Europe

Turkey's PM Erdogan urges Col Muammar Gaddafi to quit

  • 3 May 2011
  • From the section Europe
Turkey's Prime Minister Recep Tayyip Erdogan addresses the media as he stands by Turkey's national flag, 3 May 2011
Mr Erdogan has resisted pressurising Col Gaddafi to quit previously, instead trying to mediate

Turkey's Prime Minister Recep Tayyip Erdogan has called for Libyan leader Col Muammar Gaddafi to step down "for the sake of the country's future".

Mr Erdogan said the Libyan leader had ignored the wishes of his people by using force against them.

Correspondents say it is a marked change in Turkish policy towards Libya, with Mr Erdogan previously having taken a more conciliatory approach.

Col Gaddafi's troops have been fighting rebel forces for several weeks.

Turkey has temporarily closed its Tripoli embassy and withdrawn its employees, although it is keeping an embassy open in rebel-held Benghazi.

Most other Western governments evacuated staff from the country when international forces began air strikes against Libya in March, under a UN mandate to protect civilians.

'Solidarity and unity'

In a speech, Mr Erdogan said Col Gaddafi had ignored calls for change in Libya and preferred "bloodshed" than listening to his people.

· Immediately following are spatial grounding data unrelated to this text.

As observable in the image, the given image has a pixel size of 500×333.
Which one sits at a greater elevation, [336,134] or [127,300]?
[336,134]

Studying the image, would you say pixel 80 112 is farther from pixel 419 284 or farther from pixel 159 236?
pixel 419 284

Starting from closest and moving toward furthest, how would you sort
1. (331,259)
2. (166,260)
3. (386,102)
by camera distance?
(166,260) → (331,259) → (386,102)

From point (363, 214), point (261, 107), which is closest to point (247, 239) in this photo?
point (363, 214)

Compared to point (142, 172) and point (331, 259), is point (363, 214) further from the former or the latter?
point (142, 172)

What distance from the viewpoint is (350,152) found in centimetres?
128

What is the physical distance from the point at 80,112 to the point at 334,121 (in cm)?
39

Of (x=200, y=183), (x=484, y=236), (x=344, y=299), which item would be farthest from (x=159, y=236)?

"One cannot establish future, liberty, stability, peace and justice on blood. Therefore we wish Libyan leader immediately pulls out from Libya and steps down for himself and for the future of the country," he said.

He also said Turkey would do all it could to ensure the people of Libya take the lead in establishing a more democratic system, and would talk to the anti-Gaddafi National Transitional Council.

"The people of Libya should determine their future in solidarity and unity, it is a priority for us. Hence, we will stay in touch with National Transitional Council to ensure that the elements in our road map can be carried out."

The BBC's Jonathan Head says that, with this statement, Turkey is for the first time in accord with its allies over Libya.

Our correspondent says the the government had avoided calling for Col Gaddafi to step down, and had tried, without success, to find a compromise between him and the opposition.

Popular anger over the suffering of civilians in the besieged Libyan city of Misrata has probably helped shift the Turkish government's policy, just a month before it faces a general election, our correspondent adds.

The UN withdrew all international staff from Tripoli earlier this week after staff were confronted by angry crowds protesting over the death of Col Gaddafi's son in a Nato air strike.

Meanwhile, there have been reports of fresh strikes by Nato on Misrata, where forces loyal to Col Gaddafi have been bombarding the port.